Would you print out every entry exactly as given?
*** DATA LISTING ***
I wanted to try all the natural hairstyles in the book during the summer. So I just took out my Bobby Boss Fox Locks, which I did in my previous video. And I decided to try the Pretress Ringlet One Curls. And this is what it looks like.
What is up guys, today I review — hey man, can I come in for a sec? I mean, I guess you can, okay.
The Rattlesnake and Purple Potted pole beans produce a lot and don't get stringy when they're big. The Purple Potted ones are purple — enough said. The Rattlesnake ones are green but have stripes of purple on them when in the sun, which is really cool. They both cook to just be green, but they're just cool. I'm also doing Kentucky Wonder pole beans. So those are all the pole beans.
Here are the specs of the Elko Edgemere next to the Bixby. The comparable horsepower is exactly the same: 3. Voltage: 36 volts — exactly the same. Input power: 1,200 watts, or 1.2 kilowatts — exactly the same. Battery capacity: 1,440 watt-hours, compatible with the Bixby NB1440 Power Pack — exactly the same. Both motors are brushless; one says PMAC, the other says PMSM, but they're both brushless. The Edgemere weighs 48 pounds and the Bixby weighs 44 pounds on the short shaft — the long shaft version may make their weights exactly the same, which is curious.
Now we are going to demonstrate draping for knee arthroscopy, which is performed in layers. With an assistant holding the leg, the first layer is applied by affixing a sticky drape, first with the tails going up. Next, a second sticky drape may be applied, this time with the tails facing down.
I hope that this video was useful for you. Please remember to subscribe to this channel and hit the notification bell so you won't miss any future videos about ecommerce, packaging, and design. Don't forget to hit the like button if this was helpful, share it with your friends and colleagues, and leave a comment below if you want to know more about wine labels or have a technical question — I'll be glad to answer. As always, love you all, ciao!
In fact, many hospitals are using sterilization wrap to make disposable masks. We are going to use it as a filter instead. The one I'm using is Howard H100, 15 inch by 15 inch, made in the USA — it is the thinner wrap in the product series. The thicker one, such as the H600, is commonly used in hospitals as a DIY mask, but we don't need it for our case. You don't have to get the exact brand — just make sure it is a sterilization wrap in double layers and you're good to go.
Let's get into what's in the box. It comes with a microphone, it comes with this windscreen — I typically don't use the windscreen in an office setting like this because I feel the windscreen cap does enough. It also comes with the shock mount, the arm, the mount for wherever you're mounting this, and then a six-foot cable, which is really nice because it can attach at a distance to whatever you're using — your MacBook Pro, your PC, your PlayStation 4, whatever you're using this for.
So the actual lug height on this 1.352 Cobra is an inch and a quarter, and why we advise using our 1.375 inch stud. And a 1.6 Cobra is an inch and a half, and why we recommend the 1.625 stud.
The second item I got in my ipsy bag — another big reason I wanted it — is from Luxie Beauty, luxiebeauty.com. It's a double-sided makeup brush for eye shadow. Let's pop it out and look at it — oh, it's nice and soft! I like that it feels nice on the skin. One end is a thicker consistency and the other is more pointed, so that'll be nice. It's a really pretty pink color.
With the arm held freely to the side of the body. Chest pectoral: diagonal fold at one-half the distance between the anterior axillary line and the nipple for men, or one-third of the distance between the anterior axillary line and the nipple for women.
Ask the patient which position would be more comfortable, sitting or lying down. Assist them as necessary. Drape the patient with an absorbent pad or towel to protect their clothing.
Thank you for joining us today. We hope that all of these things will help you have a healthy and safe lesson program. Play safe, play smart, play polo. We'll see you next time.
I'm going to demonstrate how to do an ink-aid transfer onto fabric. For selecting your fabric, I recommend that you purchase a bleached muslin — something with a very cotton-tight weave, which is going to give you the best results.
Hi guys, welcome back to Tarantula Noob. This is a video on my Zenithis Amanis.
***
• _REPLY TO THE TASK_:
I wanted to try all the natural hairstyles in the book during the summer. So I just took out my Bobby Boss Fox Locks, which I did in my previous video. And I decided to try the Pretress Ringlet One Curls. And this is what it looks like.
What is up guys, today I review — hey man, can I come in for a sec? I mean, I guess you can, okay.
The Rattlesnake and Purple Potted pole beans produce a lot and don't get stringy when they're big. The Purple Potted ones are purple — enough said. The Rattlesnake ones are green but have stripes of purple on them when in the sun, which is really cool. They both cook to just be green, but they're just cool. I'm also doing Kentucky Wonder pole beans. So those are all the pole beans.
Here are the specs of the Elko Edgemere next to the Bixby. The comparable horsepower is exactly the same: 3. Voltage: 36 volts — exactly the same. Input power: 1,200 watts, or 1.2 kilowatts — exactly the same. Battery capacity: 1,440 watt-hours, compatible with the Bixby NB1440 Power Pack — exactly the same. Both motors are brushless; one says PMAC, the other says PMSM, but they're both brushless. The Edgemere weighs 48 pounds and the Bixby weighs 44 pounds on the short shaft — the long shaft version may make their weights exactly the same, which is curious.
Now we are going to demonstrate draping for knee arthroscopy, which is performed in layers. With an assistant holding the leg, the first layer is applied by affixing a sticky drape, first with the tails going up. Next, a second sticky drape may be applied, this time with the tails facing down.
I hope that this video was useful for you. Please remember to subscribe to this channel and hit the notification bell so you won't miss any future videos about ecommerce, packaging, and design. Don't forget to hit the like button if this was helpful, share it with your friends and colleagues, and leave a comment below if you want to know more about wine labels or have a technical question — I'll be glad to answer. As always, love you all, ciao!
In fact, many hospitals are using sterilization wrap to make disposable masks. We are going to use it as a filter instead. The one I'm using is Howard H100, 15 inch by 15 inch, made in the USA — it is the thinner wrap in the product series. The thicker one, such as the H600, is commonly used in hospitals as a DIY mask, but we don't need it for our case. You don't have to get the exact brand — just make sure it is a sterilization wrap in double layers and you're good to go.
Let's get into what's in the box. It comes with a microphone, it comes with this windscreen — I typically don't use the windscreen in an office setting like this because I feel the windscreen cap does enough. It also comes with the shock mount, the arm, the mount for wherever you're mounting this, and then a six-foot cable, which is really nice because it can attach at a distance to whatever you're using — your MacBook Pro, your PC, your PlayStation 4, whatever you're using this for.
So the actual lug height on this 1.352 Cobra is an inch and a quarter, and why we advise using our 1.375 inch stud. And a 1.6 Cobra is an inch and a half, and why we recommend the 1.625 stud.
The second item I got in my ipsy bag — another big reason I wanted it — is from Luxie Beauty, luxiebeauty.com. It's a double-sided makeup brush for eye shadow. Let's pop it out and look at it — oh, it's nice and soft! I like that it feels nice on the skin. One end is a thicker consistency and the other is more pointed, so that'll be nice. It's a really pretty pink color.
With the arm held freely to the side of the body. Chest pectoral: diagonal fold at one-half the distance between the anterior axillary line and the nipple for men, or one-third of the distance between the anterior axillary line and the nipple for women.
Ask the patient which position would be more comfortable, sitting or lying down. Assist them as necessary. Drape the patient with an absorbent pad or towel to protect their clothing.
Thank you for joining us today. We hope that all of these things will help you have a healthy and safe lesson program. Play safe, play smart, play polo. We'll see you next time.
I'm going to demonstrate how to do an ink-aid transfer onto fabric. For selecting your fabric, I recommend that you purchase a bleached muslin — something with a very cotton-tight weave, which is going to give you the best results.
Hi guys, welcome back to Tarantula Noob. This is a video on my Zenithis Amanis.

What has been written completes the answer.